Dumais noted that the region has already made significant transmission investments through reliability projects, saying the RTO should insist that in ensuring sufficient transmission to accommodate public policies “we leverage the investments we’ve already made.”

He also expressed concern over the choice of planning assumptions, saying the RTO should balance reliability against cost.

ISO-NE FERC Order 1000

“For example the assumptions made about generation dispatch in the minimum interconnection standard versus the capacity capability interconnection standard will drive different levels of upgrades,” he said.

“We would encourage NECSCOE … to talk about how … it’s not necessarily needed that the system be designed for the peak day with generation at nameplate rating and the interconnection at New Brunswick flowing at the 1,000-MW [limit]. … What’s more important is that over the 8,760 hours [per year], the generation is generally deliverable into the market. This requires us to look at it differently, such that we’re not building transmission to necessarily meet the worst-case situation — that there’s recognition that at some points in time there’s likely to be some congestion and people can live with that given the cost to overcome it.”

Untangling from CPP

In his environmental regulatory update, ISO-NE’s Patricio Silva gave the PAC a briefing on what he said were the steep challenges facing the Trump administration’s plan to scuttle EPA’s Clean Power Plan.

Silva noted that EPA acted following its 2009 finding that greenhouse gas emissions present a threat to public health and welfare and that the agency had a duty to act.

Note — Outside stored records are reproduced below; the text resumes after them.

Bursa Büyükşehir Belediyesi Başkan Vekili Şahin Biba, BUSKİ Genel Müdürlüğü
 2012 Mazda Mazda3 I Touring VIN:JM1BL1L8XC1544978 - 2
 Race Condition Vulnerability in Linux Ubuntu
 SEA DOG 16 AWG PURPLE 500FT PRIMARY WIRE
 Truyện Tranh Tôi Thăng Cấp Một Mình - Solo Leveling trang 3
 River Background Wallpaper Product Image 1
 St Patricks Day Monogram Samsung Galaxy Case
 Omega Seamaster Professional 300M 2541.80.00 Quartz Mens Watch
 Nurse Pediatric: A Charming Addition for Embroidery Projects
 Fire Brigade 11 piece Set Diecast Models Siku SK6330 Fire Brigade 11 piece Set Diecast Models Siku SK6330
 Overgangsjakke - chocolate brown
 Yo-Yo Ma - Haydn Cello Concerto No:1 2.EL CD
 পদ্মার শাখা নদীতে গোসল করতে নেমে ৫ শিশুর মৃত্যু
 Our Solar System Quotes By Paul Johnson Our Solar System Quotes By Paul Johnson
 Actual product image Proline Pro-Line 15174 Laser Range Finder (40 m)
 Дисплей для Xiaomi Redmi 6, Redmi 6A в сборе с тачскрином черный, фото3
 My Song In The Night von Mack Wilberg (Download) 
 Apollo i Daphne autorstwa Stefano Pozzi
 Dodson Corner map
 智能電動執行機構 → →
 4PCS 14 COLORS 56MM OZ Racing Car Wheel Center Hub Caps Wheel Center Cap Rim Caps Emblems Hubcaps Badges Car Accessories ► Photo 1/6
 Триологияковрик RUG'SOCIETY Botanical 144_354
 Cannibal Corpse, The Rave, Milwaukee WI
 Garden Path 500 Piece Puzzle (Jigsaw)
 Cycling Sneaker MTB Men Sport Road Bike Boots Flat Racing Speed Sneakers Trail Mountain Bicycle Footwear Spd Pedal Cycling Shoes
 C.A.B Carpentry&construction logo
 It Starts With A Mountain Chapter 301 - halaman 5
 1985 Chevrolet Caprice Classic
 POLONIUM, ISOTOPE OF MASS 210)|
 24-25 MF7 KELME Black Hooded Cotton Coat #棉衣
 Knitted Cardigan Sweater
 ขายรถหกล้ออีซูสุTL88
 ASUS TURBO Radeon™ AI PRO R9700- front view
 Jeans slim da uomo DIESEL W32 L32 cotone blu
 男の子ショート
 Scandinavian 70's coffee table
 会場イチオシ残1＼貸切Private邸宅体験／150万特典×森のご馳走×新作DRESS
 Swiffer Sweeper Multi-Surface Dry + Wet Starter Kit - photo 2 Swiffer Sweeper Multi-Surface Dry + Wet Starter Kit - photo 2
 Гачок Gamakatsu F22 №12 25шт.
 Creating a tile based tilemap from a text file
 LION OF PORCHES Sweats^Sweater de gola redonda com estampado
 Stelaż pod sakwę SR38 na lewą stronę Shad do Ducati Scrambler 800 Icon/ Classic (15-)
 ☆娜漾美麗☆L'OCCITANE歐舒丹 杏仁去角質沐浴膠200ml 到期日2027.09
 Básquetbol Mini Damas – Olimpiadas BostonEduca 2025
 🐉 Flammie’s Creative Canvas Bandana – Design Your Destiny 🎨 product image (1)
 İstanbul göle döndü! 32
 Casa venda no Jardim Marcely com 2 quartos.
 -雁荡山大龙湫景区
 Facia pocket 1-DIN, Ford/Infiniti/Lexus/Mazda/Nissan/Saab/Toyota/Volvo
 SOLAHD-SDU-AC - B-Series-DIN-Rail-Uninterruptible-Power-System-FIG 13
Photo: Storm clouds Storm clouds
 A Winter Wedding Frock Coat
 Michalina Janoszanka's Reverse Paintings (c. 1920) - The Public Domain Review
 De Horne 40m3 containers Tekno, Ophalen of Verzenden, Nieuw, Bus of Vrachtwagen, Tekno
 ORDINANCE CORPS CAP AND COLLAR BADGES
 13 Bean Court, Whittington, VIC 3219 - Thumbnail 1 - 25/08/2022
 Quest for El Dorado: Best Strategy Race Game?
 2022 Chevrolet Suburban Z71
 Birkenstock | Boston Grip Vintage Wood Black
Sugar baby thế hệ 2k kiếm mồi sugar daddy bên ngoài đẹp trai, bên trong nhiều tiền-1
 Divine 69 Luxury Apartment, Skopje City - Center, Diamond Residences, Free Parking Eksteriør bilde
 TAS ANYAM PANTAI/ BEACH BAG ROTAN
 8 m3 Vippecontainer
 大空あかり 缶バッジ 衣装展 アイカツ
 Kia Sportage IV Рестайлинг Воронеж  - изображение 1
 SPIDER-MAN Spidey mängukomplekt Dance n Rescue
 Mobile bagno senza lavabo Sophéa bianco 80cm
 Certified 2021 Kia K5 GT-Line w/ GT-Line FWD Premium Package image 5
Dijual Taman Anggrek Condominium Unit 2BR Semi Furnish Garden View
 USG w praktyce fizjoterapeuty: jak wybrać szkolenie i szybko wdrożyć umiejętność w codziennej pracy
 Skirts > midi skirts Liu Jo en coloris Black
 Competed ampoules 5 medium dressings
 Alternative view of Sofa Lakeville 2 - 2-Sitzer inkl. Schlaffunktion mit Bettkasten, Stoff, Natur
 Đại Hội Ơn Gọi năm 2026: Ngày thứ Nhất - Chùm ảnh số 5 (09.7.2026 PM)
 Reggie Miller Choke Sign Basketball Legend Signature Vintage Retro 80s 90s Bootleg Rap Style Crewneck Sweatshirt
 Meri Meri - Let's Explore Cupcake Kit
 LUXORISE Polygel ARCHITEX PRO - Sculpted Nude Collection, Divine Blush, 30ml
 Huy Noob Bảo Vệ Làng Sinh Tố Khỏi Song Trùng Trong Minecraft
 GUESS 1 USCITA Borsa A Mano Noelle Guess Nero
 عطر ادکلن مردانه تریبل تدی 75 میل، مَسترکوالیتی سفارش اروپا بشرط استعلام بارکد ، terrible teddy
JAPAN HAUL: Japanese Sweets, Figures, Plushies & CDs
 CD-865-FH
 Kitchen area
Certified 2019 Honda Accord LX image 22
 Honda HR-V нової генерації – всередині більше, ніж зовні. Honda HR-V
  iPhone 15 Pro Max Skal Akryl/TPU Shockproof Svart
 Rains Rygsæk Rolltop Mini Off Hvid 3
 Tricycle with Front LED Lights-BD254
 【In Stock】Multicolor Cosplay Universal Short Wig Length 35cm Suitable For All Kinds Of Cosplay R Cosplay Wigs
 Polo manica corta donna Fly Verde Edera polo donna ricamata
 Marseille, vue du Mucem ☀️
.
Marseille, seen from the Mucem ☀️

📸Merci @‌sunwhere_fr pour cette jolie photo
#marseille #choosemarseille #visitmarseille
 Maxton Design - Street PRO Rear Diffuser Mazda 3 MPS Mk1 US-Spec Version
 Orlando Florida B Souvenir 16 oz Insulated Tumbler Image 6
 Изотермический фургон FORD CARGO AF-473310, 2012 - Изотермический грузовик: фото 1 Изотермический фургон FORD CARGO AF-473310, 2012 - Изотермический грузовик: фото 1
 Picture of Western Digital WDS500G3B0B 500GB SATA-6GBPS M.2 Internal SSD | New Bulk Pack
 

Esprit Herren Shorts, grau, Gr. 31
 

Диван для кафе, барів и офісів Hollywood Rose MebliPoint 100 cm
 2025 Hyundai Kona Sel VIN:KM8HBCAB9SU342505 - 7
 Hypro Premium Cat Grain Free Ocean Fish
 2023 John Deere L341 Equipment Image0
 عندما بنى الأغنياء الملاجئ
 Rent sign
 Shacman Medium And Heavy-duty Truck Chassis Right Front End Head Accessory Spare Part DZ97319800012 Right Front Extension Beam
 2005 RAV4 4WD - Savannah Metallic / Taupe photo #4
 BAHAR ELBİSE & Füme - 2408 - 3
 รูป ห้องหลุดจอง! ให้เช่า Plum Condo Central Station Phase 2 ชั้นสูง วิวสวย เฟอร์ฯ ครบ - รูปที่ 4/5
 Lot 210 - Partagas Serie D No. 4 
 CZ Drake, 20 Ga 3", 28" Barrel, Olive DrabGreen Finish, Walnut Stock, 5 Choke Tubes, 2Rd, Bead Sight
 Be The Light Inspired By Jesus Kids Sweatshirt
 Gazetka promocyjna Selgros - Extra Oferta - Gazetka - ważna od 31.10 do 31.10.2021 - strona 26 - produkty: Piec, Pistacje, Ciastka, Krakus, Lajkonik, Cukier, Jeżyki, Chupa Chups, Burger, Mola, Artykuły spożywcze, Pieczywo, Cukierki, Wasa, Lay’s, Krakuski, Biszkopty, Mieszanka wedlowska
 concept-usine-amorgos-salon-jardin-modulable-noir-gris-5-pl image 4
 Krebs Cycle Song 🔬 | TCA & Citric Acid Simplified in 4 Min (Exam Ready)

“It’s a final rule. Withdrawing the finding requires an additional rulemaking and they have to offer a justification to essentially counter the existing regulatory record,” he said. “This approach presents a variety of legal hurdles and some administrative rulemaking hurdles. It is not clear that this would succeed. There are ample example of litigation where such approaches came to naught.”

Successfully withdrawing the endangerment finding would eliminate EPA’s rationale for regulating emissions from existing generators under Clean Air Act Section 111(d) and new units under Section 111(b).

Silva said that could pose a new risk to generators, who have been protected from private litigation over GHG emissions by the Supreme Court’s 2011 American Electric Power vs. Connecticut decision, which said EPA’s regulatory authority over emissions precluded any “private right of action.”

“If EPA determines they do not have the authority under 111, the decision in AEP vs. Connecticut seems to imply … that generators could subsequently be subject to private litigation,” Silva said. “This is a very complicated area of law and regulation that is fraught with significant risk for existing and new generators. … Many of my counterparts at the other ISO/RTOs are watching this matter with a great deal of focus for the potential impacts.”